Ron Block 久々のアルバム
Walking Song [Import] - Ron Block
もう音楽アルバムのレビューを久しくサボっているのですが,音楽を聴いていないわけでも,アルバムを買っていないわけでもないのです.しかし何というか,以前のようにワクワクしながら新しいアルバムのレビューを書くという気分になれないのです.倦怠期ですかね?
さて,Ron Block といえば知る人ぞ知る AKUS のバンジョーやギターの顔であり,かつ非常に優れたソングライターです.だいぶ前になりますが,このブログでもソロアルバムを紹介しています(*1 *2).特に,最初に紹介したアルバムは今でもニューグラスの金字塔と言える出来です.このような人が地味に埋もれているのは本当にもったいない.
で,今回のアルバムですが,前作でブルーグラスからやや距離を置くような路線を試したのですが,今回のアルバムでは再びブルーグラスに回帰.曲のほとんどは自らの作曲.詩を書いたのはアメリカの女性詩人 Rebecca Reynolds という人らしいですが,とにかく Ron Block の曲作りの才能を改めて見せつけられるアルバムに仕上がっています.

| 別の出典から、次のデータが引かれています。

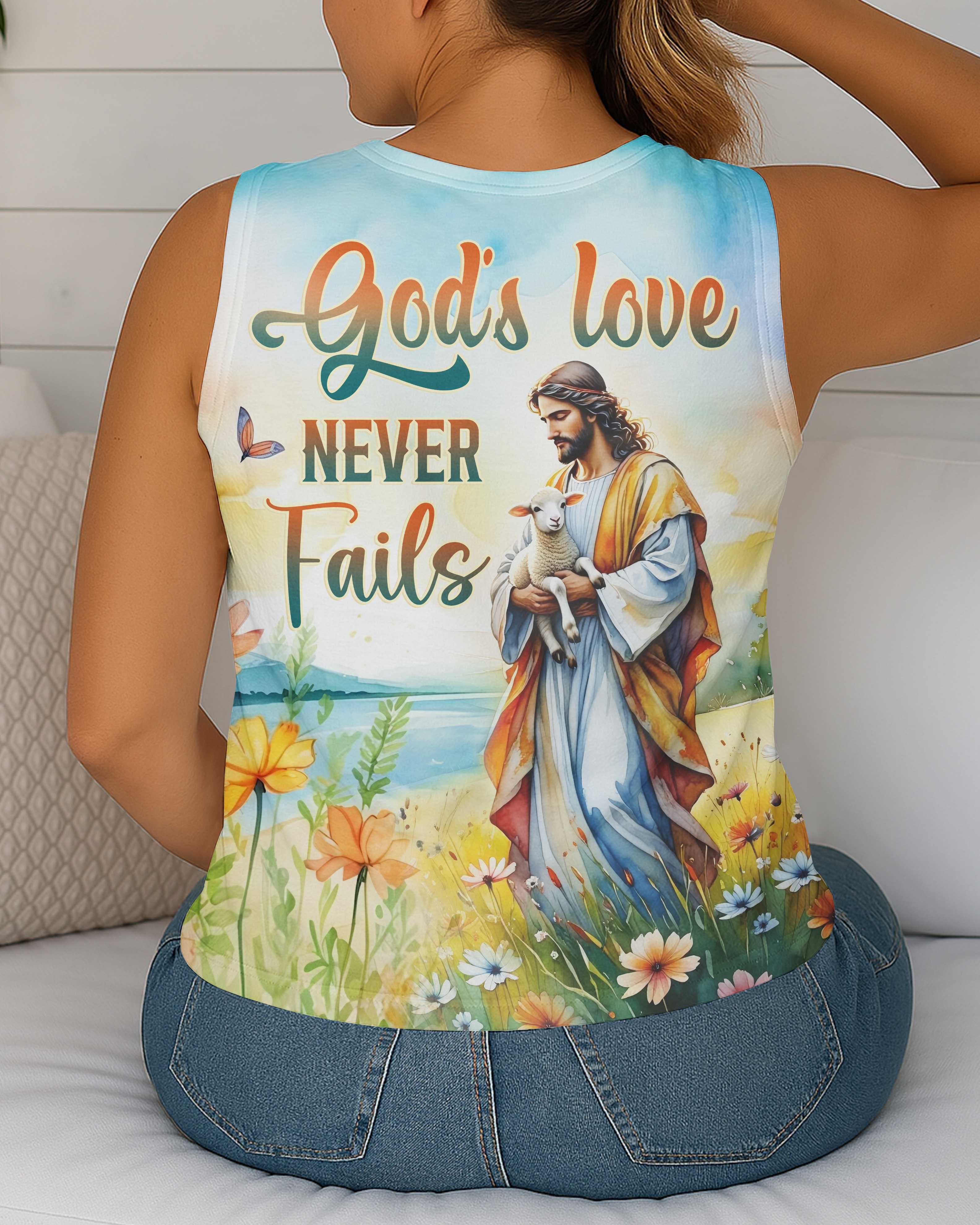God's Love Never Fails All Over Print V-neck Tank Top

ライナーノーツを読むとびっくりするのですが,ブルーグラスのスターたちが多く共演しています.あれ?このフィドルはひょっとして,と思って確かめると Stuart Duncan だったり,このハーモニー・ヴォーカルはやっぱり,と思って確かめると Alison Krauss だったりします.さらに AKUS のメンバーは総出演.AKUS は互いのアルバムに脇役で参加する場合が非常に多いのですが,それも Alison Krauss のようなスーパースターが地味に入るところがブルーグラスらしくて非常に好ましく感じます.大御所 Dolly Parton が多数のブルーグラス女性歌手のアルバムにひっそりとハーモニー・ヴォーカルで入ったりしていますから,これは業界全体の傾向なのでしょう.
第1曲は非常に美しい曲で冒頭から引き込まれます.Kate Rusby とのデュエット.第5曲も非常に素晴らしい曲であり,かつ Ron Block らしい曲だと言っても良いと思います.これも Kate Rusby とのデュエット.この人の歌声は素晴らしいですね.今度アルバムを買ってみましょう.第6曲は AKUS にアルバムに入っていたとしてもまったく違和感のない曲で,Alison Krauss がハーモニー・ヴォーカルを務めています.
特筆すべきは第9曲.ライナー・ノーツを読むまで気が付かなったのですが,なんと,Sierra Hull がマンドリンを弾いています.ハーモニー・ヴォーカルは AKUS の仲間 Dan Tyminski です.豪華ですね.曲相も非常に Ron らしくて良いです.第11曲にはドブロの Jerry Douglas が登場しますが,曲が美しすぎてドブロの泣きが十分に生かせなかったのが残念.
これ以外にも素晴らしい曲がひしめいています.とにかく,現在のブルーグラスの水準を図る指標としても聴いておくべきアルバム.ぜひお試しください.